Duffer: The Framers knew about human nature which does not change. They believed that the government should be a very limited one - not a nanny state - the smoking ban is a nanny state move.

taco said...

"there" are.

“The defense of private property is the standard by which every provision of law, past and present, shall be judged.” - Thomas Jefferson

waitnc said...

Hard to quantify the effects of the ban,,,every category of revenue/tax is/was down. The ban just went into effect nov 10th right? knowing how revenue is reported, they have negligable to zero facts yet to claim disaster due to the ban.

Duffer said...

Bob - thanks for the reality check; referral advocates should have written a proposal exactly like the wording of 1253 - bet that would have passed.

Taco . . . not a constitutional law expert here, but then again, we apparently don't have enough on the bench(es) these days either. Activism - from competing political interests.

The referral vote reflects the will of the electorate. Is it a nanny-state move?
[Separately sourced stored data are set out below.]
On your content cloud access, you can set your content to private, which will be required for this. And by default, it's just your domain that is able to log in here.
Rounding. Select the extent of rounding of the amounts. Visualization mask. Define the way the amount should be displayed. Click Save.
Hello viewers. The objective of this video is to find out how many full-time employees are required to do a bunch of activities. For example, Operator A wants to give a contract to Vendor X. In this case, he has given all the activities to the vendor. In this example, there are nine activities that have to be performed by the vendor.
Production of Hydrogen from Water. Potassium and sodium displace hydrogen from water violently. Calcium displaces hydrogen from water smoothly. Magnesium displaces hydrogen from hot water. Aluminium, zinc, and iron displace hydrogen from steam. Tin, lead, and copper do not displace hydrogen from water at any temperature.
When you view it within the context of citizens weary of government intervention in their personal lives, yes, I feel your pain. But your state legislature responded to public interest and medical research, and the voters affirmed it. It is now law, via a process allowed by the Constitution.
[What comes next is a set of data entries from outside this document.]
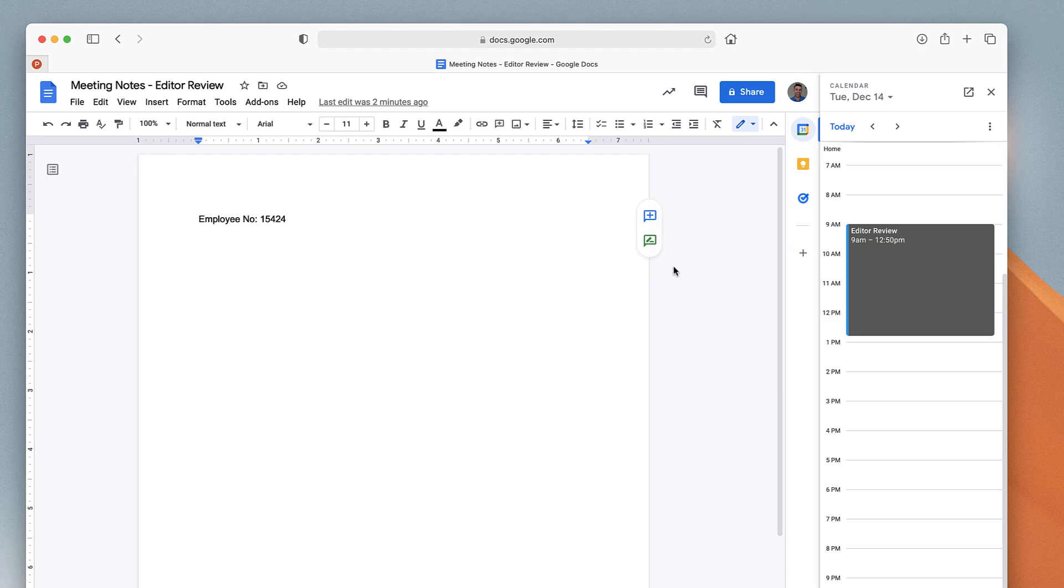That's a little bit about how you can use Google Keep and Google Calendar to really optimize your Google Docs. As you can imagine, Google Workspace just makes that easier and easier.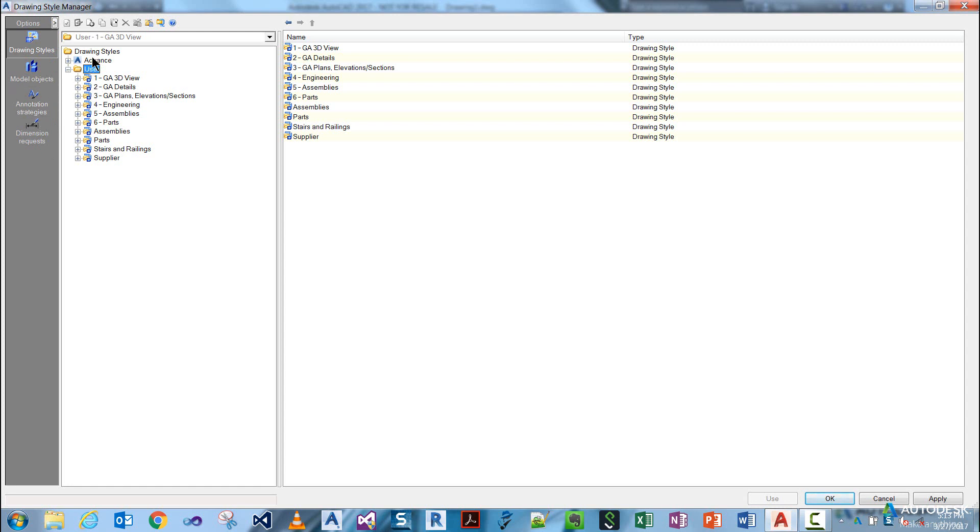As you can see, there is a tree structure here divided into Advanced and User. The User section contains user drawing styles, which is stored in your ASTER add-in database.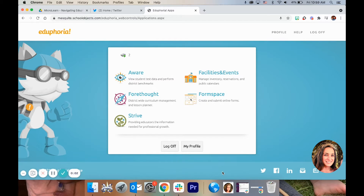Hello and welcome to another video on navigating Edge Euphoria. In this video we're going to look at how to create and share a test in AWARE.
I still maintain the referral should have been worded to reflect #1253. I believe it would have passed. The legislature is going to have a tough time disfiguring a referred measure - so soon.

waitnc said...

you cant change the wording of a "referred law" I think you are refering to an initiated measure. The smoking issue was a "referred" to a vote of the people. Medical marijuana was an initiated measure.

taco said...

Duffer: I concede the smoking ban is probably constitutional as part of South Dakota's police powers. Although if I'm a casino owner forced out of business because of the ban - it sure is going to seem as if the state took something from me for which I ought to be entitled just compensation.
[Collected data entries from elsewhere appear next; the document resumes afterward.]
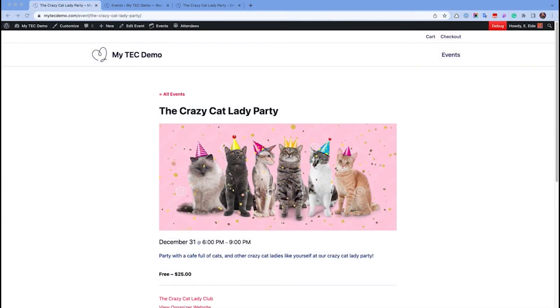Hi, I'm Erica at the Events Calendar. I'm going to show you how to manage your orders and attendees once your ticket sales or RSVPs have started to come in.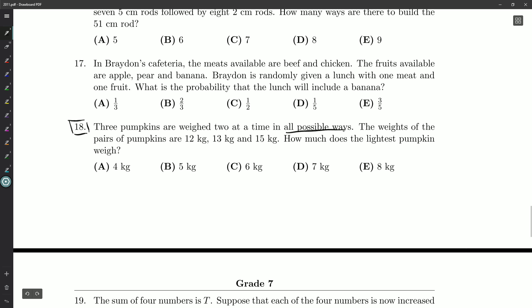The weights of the pairs of pumpkins are 12 kilograms, 13 kilograms, and 15 kilograms. How much does the lightest pumpkin weigh?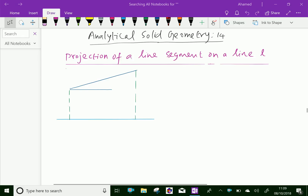Welcome to amineacademy.com. In analytical solid geometry, let us discuss the projection of a line segment on a line L.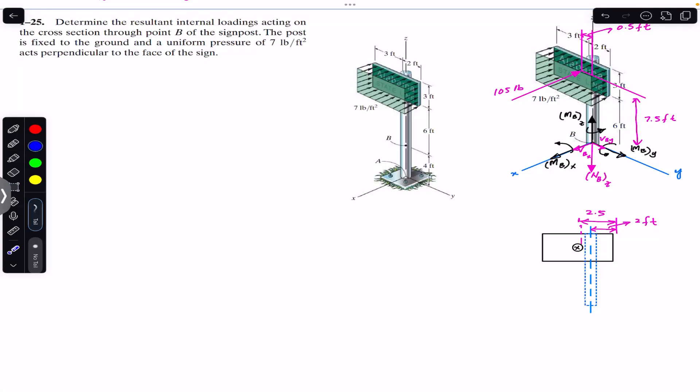Hello students, welcome to Engineers Academy. Do hit the subscribe button if you are here for the first time. We are going to solve this problem which says: determine the resultant internal loadings acting on the cross-section through point B of the sign post.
Most people don't care about government taking away rights from the individual and for the public good until they are the individual whose rights have been stripped by an unconstrained majority. Once that happens, they tend to hate what socialism has done to their liberty.

repete said...

Right or wrong and from a purely selfish point of view, I'm glad knowing that if I choose to go to the bar or casino, it'll be smoke free, but I know prohibition won't work for tobacco either.

waitnc said...

Just watched the budget address from Rounds (dec 7 2010). He mentioned the fact that revenues for the property tax reduction fund would decline because gaming revenue was down due to the smoking ban,,say what ? the ban started nov 10th and revenue is down 5 million because of a law that is less than 30 days old ? gimmee a break. Gaming revenue for FY 2010 is 2 million (rounded) less than FY 2008. Fiscal years end June 30th. Therefore the ban has had little to nothing to do with declining revenues/layoffs thus far. Casinos that are downsizing are just doing what every other business has had to do these last couple of years.

I'm not saying there wont be an effect, just that it isnt measurable yet and the blame game is starting a little early.

caheidelberger said...

waitnc: note also that sales tax revenue at eating and drinking establishments was up in November. The ban giveth, the ban taketh away.